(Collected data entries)

※ ※ ※

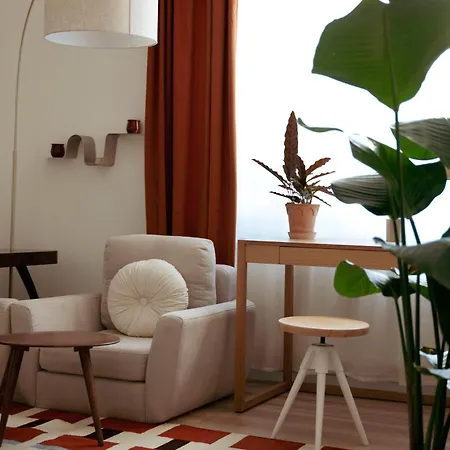 Stylish Near Brno - Statek Odysea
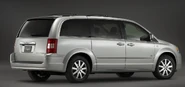 Chrysler-Grand-Voyager-2
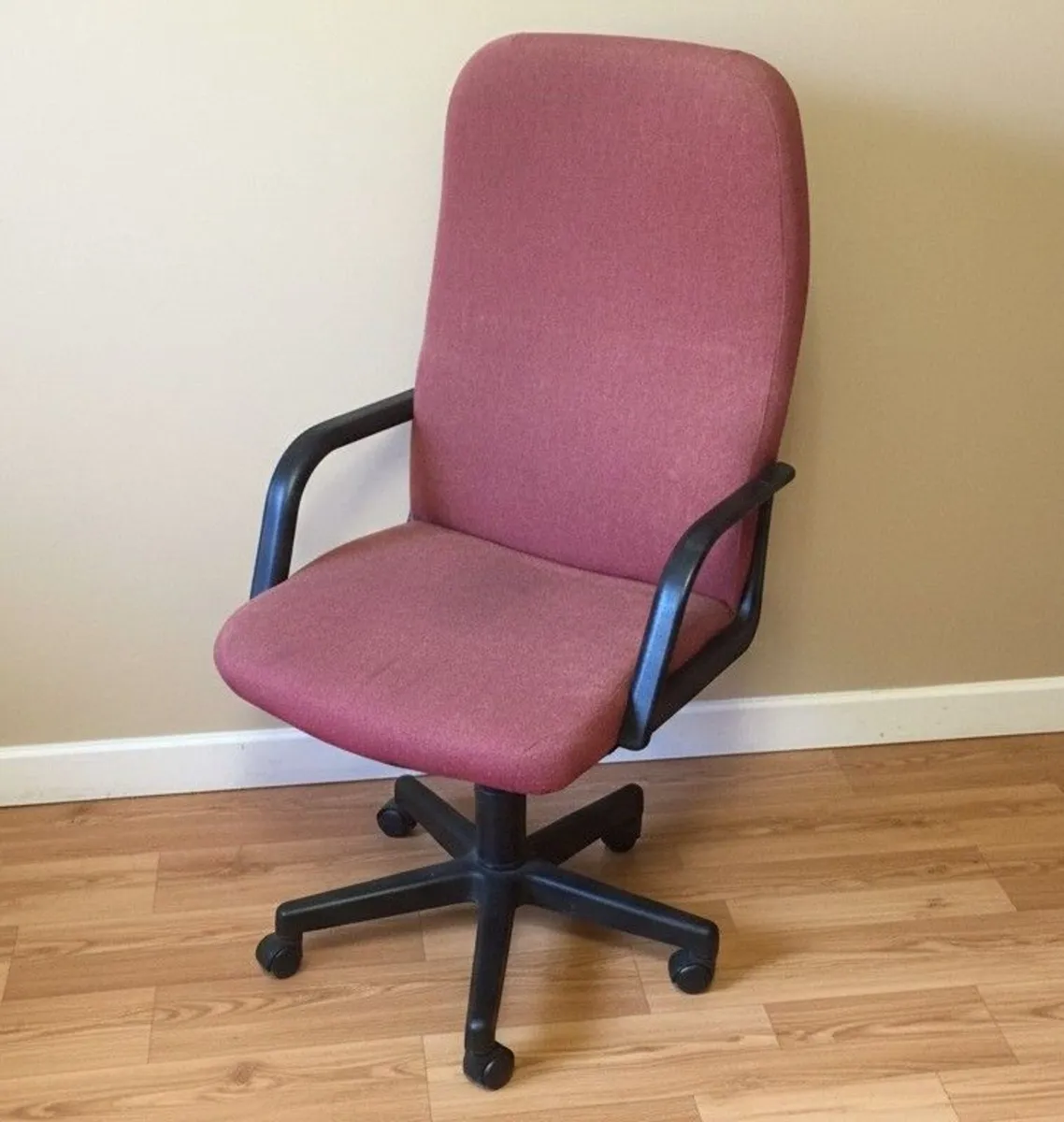 Comfortable Office Chair - Height Adjustable - Image 1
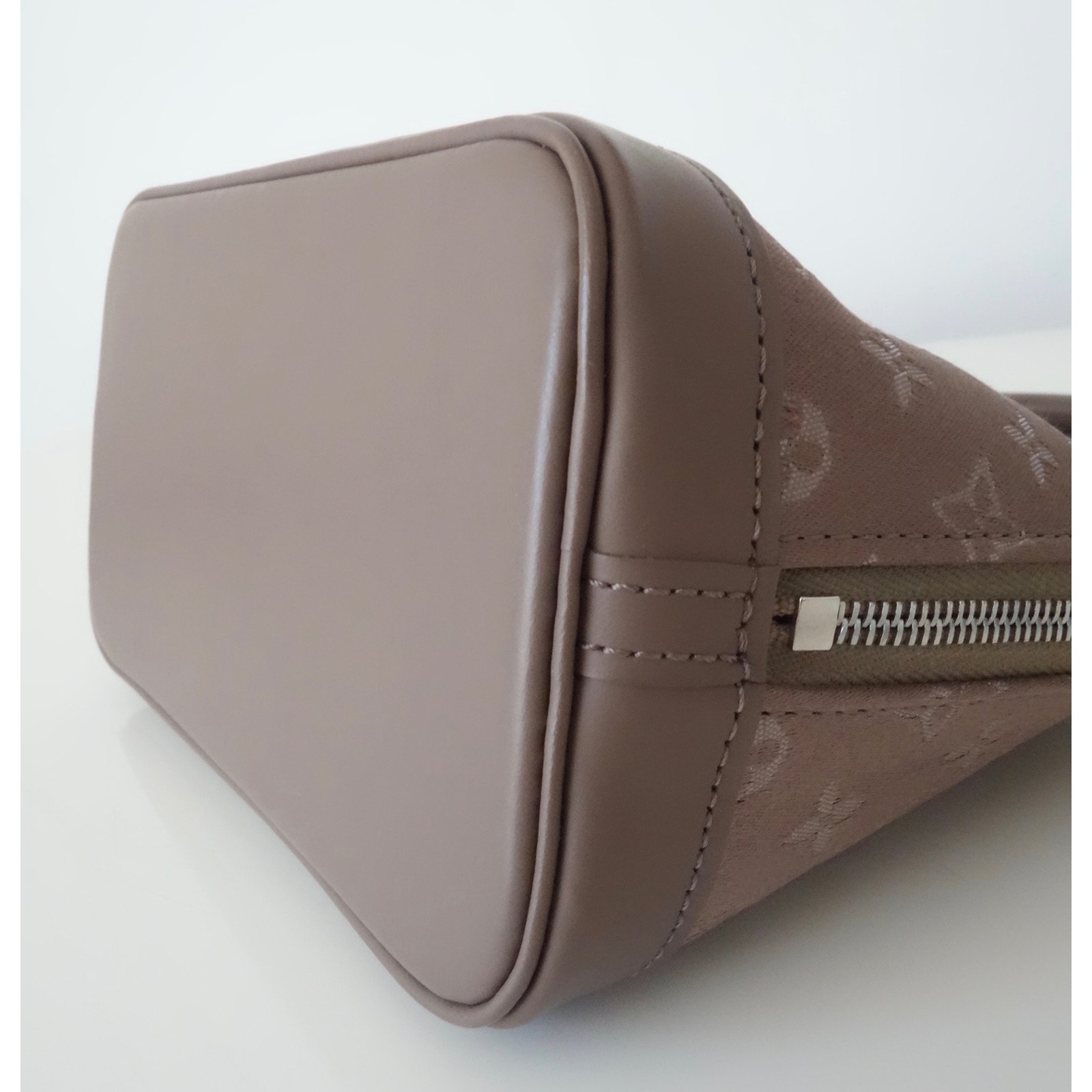 Louis Vuitton ALMA VUITTON MICRO BAG Taupe Leather Silk ref.105240 - Joli  Closet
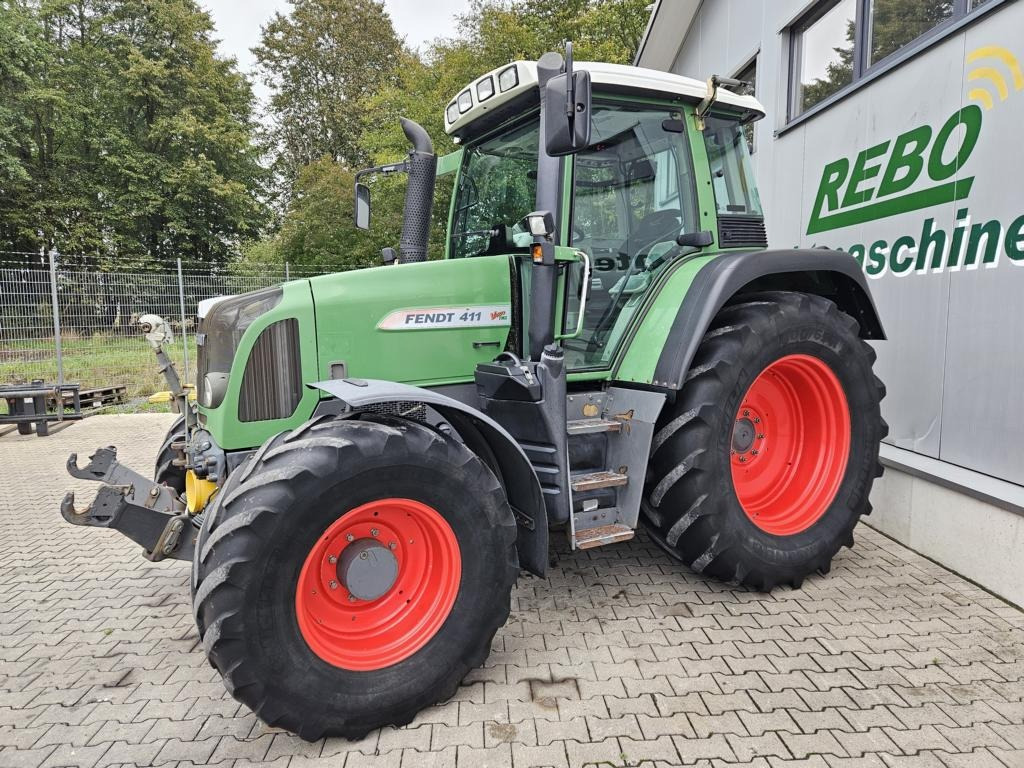 Fendt 411 VARIO TMS - Tracteur agricole: photos 1 Fendt 411 VARIO TMS - Tracteur agricole: photos 1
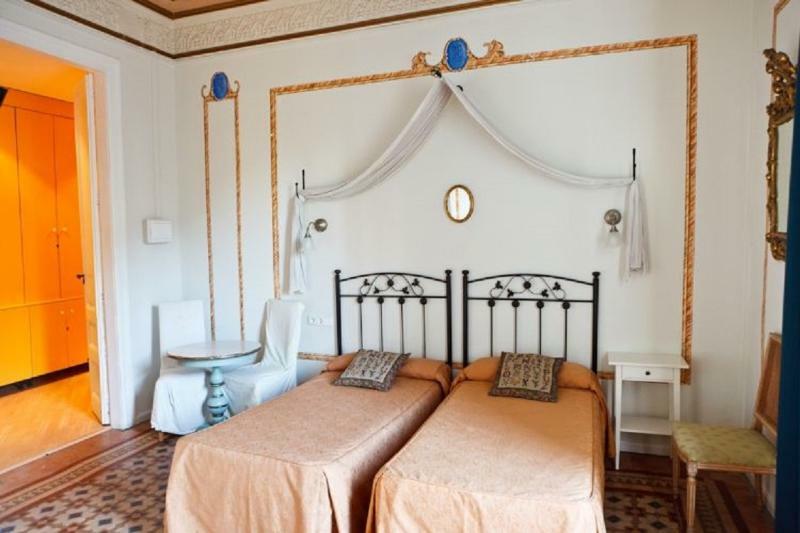Guest house Casa Consell Gran Via, Barcelona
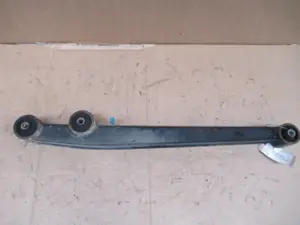 Bras de suspension arrière droit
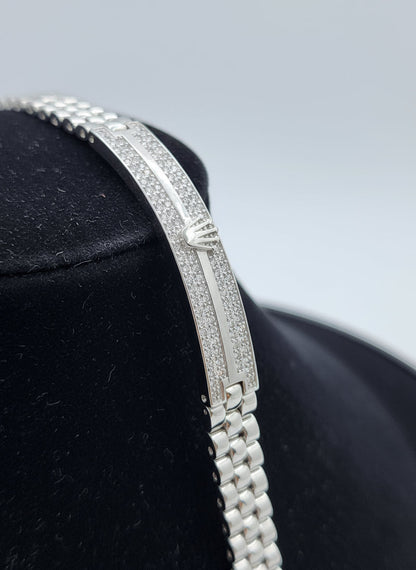 Classic Crest Men’s Silver Bracelet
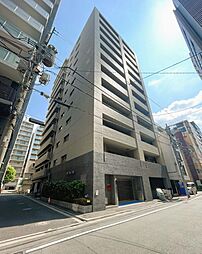 表通りから一本奥まった一画に立地。都市の利便性と落ち着いた街並みが同居した環境です。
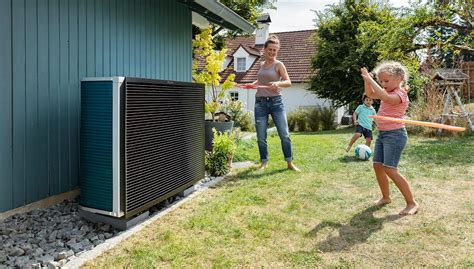 Alte Heizung raus Wärmepumpe von DAIKIN rein Elmer Gruppe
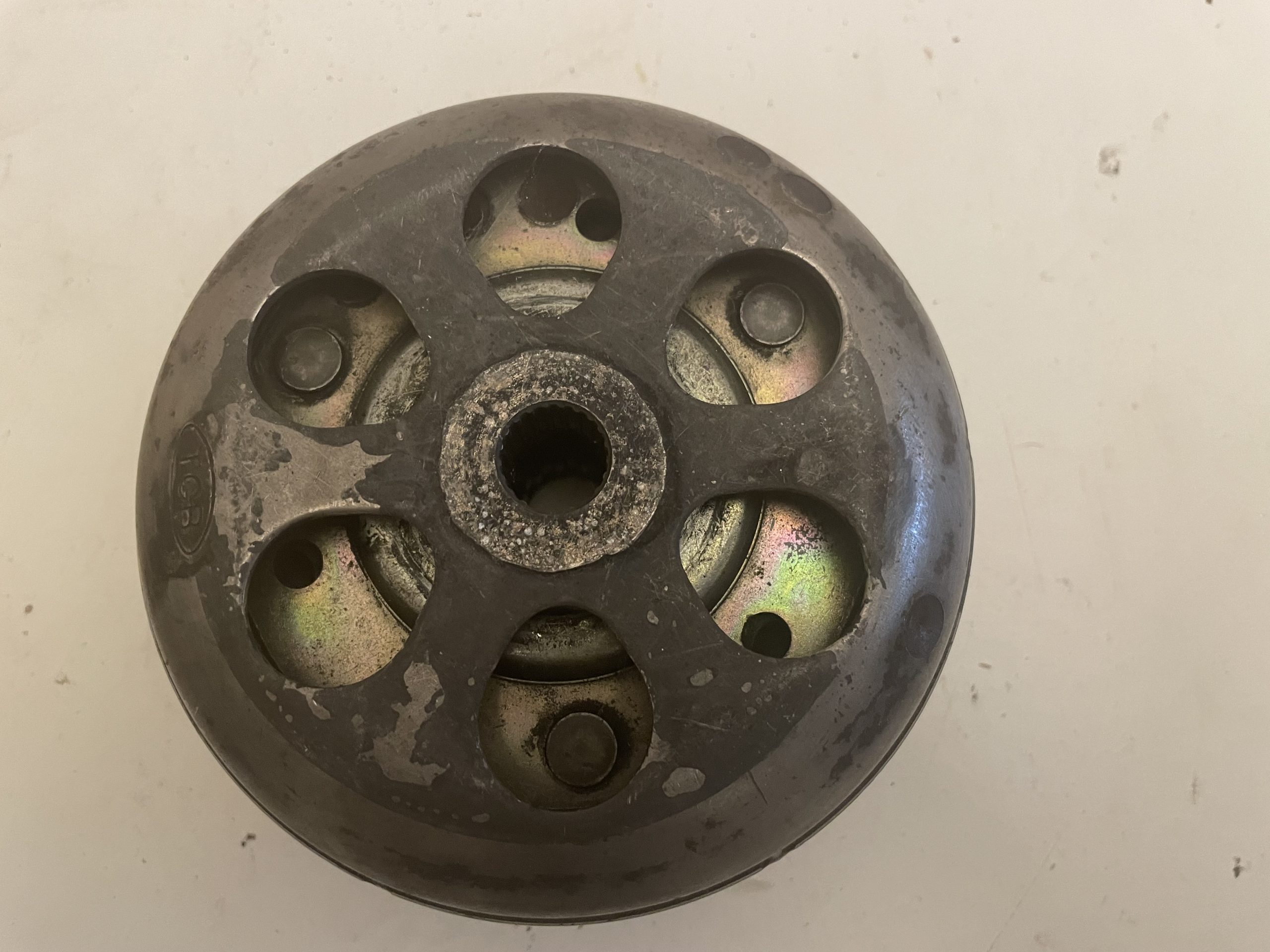 USED RN TORQUECLUTCH ASSEMBLY 827415UG2 (3)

※ ※ ※

• [What you have to do]: What you return must be every entry, word for word, without any pictures.

• [Answer to the problem]:
 Stylish Near Brno - Statek Odysea
 Chrysler-Grand-Voyager-2
 Comfortable Office Chair - Height Adjustable - Image 1
 Louis Vuitton ALMA VUITTON MICRO BAG Taupe Leather Silk ref.105240 - Joli  Closet
 Fendt 411 VARIO TMS - Tracteur agricole: photos 1 Fendt 411 VARIO TMS - Tracteur agricole: photos 1
Guest house Casa Consell Gran Via, Barcelona
 Bras de suspension arrière droit
 Classic Crest Men’s Silver Bracelet
 表通りから一本奥まった一画に立地。都市の利便性と落ち着いた街並みが同居した環境です。
 Alte Heizung raus Wärmepumpe von DAIKIN rein Elmer Gruppe
 USED RN TORQUECLUTCH ASSEMBLY 827415UG2 (3)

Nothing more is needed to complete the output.